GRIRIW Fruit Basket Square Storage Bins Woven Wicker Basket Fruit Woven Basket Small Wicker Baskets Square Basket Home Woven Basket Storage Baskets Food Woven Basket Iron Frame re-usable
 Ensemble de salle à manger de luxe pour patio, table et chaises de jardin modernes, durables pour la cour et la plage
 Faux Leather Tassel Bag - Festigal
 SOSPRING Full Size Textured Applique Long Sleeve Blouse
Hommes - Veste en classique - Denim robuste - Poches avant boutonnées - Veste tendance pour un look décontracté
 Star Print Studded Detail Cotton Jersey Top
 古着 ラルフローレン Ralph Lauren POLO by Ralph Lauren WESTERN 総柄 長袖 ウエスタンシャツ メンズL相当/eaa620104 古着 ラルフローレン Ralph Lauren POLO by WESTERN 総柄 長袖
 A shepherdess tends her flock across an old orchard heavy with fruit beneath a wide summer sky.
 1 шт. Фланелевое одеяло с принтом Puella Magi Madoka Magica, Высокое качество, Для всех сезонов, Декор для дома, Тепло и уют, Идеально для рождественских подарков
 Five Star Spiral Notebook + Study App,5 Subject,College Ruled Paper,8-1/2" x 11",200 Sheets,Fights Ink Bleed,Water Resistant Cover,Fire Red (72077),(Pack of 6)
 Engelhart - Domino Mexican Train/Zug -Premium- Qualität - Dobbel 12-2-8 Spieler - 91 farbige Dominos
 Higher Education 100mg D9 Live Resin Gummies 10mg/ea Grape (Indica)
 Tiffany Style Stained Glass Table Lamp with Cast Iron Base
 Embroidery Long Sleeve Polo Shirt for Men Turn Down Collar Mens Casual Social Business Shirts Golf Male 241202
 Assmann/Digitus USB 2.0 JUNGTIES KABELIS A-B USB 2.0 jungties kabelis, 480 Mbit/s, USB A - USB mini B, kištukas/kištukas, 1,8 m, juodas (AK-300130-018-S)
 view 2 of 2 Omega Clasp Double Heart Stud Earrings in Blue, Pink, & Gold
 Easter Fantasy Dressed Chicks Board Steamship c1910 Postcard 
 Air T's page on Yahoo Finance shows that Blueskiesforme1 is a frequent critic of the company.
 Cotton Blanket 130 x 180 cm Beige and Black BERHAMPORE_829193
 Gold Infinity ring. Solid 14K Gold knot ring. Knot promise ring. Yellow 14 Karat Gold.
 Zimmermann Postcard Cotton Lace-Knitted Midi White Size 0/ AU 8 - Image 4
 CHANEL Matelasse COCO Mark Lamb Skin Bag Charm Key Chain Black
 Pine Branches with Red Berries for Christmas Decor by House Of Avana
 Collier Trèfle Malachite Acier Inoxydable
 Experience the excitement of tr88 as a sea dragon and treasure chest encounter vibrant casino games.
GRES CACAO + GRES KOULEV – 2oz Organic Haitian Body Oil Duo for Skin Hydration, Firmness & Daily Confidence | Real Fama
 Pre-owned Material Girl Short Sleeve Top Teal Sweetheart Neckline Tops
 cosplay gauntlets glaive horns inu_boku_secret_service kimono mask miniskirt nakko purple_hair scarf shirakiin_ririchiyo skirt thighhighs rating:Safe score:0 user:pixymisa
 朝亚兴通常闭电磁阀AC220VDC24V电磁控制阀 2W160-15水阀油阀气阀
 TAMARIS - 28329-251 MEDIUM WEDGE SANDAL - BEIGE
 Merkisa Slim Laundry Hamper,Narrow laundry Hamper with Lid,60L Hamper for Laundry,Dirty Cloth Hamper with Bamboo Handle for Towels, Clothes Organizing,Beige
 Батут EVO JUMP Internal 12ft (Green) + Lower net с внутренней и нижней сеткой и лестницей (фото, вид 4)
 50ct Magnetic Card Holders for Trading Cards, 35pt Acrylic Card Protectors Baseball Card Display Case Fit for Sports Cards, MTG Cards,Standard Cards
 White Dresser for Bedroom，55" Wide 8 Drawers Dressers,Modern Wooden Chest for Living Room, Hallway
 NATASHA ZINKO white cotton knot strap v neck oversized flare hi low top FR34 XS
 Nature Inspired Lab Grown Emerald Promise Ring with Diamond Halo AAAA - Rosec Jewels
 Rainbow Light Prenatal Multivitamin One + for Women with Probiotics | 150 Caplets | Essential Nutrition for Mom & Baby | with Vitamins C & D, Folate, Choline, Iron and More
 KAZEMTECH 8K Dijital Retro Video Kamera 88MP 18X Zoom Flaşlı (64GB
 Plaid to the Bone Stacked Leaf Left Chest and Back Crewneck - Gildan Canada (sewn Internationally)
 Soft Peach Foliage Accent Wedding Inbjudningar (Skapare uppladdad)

◇ ◇ ◇ ◇ ◇

_THE PROBLEM_
Taking the listing above as the source, transcribe only the lines starting at the line with "Cotton Blanket 130" and going through the line with "CHANEL Matelasse COCO", unaltered and with both ends included.

_RESPONSE_
 Cotton Blanket 130 x 180 cm Beige and Black BERHAMPORE_829193
 Gold Infinity ring. Solid 14K Gold knot ring. Knot promise ring. Yellow 14 Karat Gold.
 Zimmermann Postcard Cotton Lace-Knitted Midi White Size 0/ AU 8 - Image 4
 CHANEL Matelasse COCO Mark Lamb Skin Bag Charm Key Chain Black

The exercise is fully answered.